SQL*Plus: Release 11.2.0.3.0 Production on Sat May 5 23:00:50 2012

Copyright (c) 1982, 2011, Oracle.  All rights reserved.

ERROR:
ORA-12541: TNS:no listener


SP2-0640: Not connected
[1]+  Done                    sqlplus /nolog @/tmp/bx1.sql 2> /tmp/bx1.err

SQL*Plus: Release 11.2.0.3.0 Production on Sat May 5 23:00:55 2012

Copyright (c) 1982, 2011, Oracle.  All rights reserved.

Connected.

TO_CHAR(SYSDATE,'YY  HOST_NAME
-------------------  ---------
2012-05-05 23:00:55  <node2>

Now the question is, what happened between these 5 seconds of sleep 5?

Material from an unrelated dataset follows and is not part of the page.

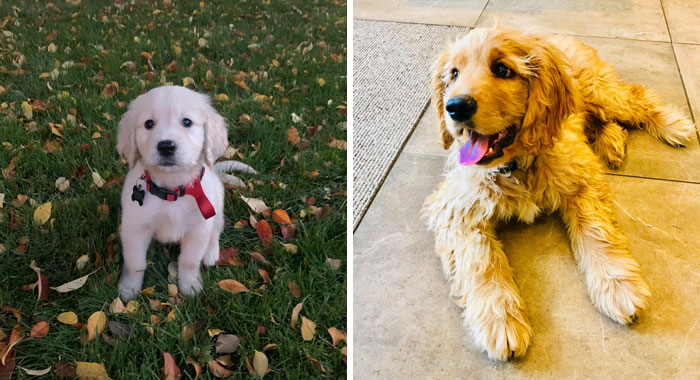 Miniature Golden Retrievers: The Ultimate Guide to the Mini Goldens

pmons tracefile TTT041_pmon_4399.trc shows
*** 2012-05-05 23:00:48.391 kmmlrl: status: succ=4, wait=0, fail=0 *** 2012-05-05 23:00:51.398 kmmlrl: status: succ=3, wait=0, fail=1 kmmlrl: update retry kmmgdnu: TTT04_SITE1 goodness=0, delta=1, flags=0x4:unblocked/not overloaded, update=0x6:G/D/- kmmlrl: node load 394 kmmlrl: (ADDRESS=(PROTOCOL=TCP)(HOST=<node1>-vip)(PORT=1521)) block kmmlrl: nsgr update returned 0 kmmlrl: nsgr register returned 0 *** 2012-05-05 23:00:54.401 kmmlrl: status: succ=3, wait=0, fail=1 *** 2012-05-05 23:00:57.402 kmmlrl: status: succ=3, wait=0, fail=1
Just a short explanation what you can see here: pmon distributes every 3 seconds the status he knows about all listeners he knows to all other listeners. Between 23:00:48 and 23:00:51 pmon found the local_listener disappeared - and informed all the other listeners about this fact.
what the LISTENER_SCAN2 knows:
lsnr1.txt
Service "TTT04_SITE1" has 2 instance(s). Instance "TTT041", status READY, has 1 handler(s) for this service... Handler(s): "DEDICATED" established:0 refused:0 state:ready REMOTE SERVER (ADDRESS=(PROTOCOL=TCP)(HOST=<host1>-vip)(PORT=1521)) Instance "TTT042", status READY, has 1 handler(s) for this service... Handler(s): "DEDICATED" established:0 refused:0 state:ready REMOTE SERVER (ADDRESS=(PROTOCOL=TCP)(HOST=<host2>-vip)(PORT=1521))

lsnr2.txt
Service "TTT04_SITE1" has 2 instance(s). Instance "TTT041", status READY, has 1 handler(s) for this service... Handler(s): "DEDICATED" established:0 refused:0 state:blocked REMOTE SERVER (ADDRESS=(PROTOCOL=TCP)(HOST=<host1>-vip)(PORT=1521)) Instance "TTT042", status READY, has 1 handler(s) for this service... Handler(s): "DEDICATED" established:0 refused:0 state:ready REMOTE SERVER (ADDRESS=(PROTOCOL=TCP)(HOST=<host2>-vip)(PORT=1521))
Direct after the kill of the local_listener, LISTENER_SCAN2 still believes both local_listeners are in state:ready - therefore it directs the connection to the listener with lower load (on node1) which I just killed.
But after only 5 seconds, it knows it is in state:blocked and therefore directs my 2nd connection attempt to node2.

What is this all about?

If a Listener dies (for any reason) there is a periode of about 3 seconds, where other processes might rely on it's existence and service.
PMON is the process which informas all listeners about the status of the others (one more reason to make sure it never stucks.
PMONs Listener REGISTRATION is something different.

My todays findings where supported by Understanding and Troubleshooting Instance Load Balancing [Note:263599.1].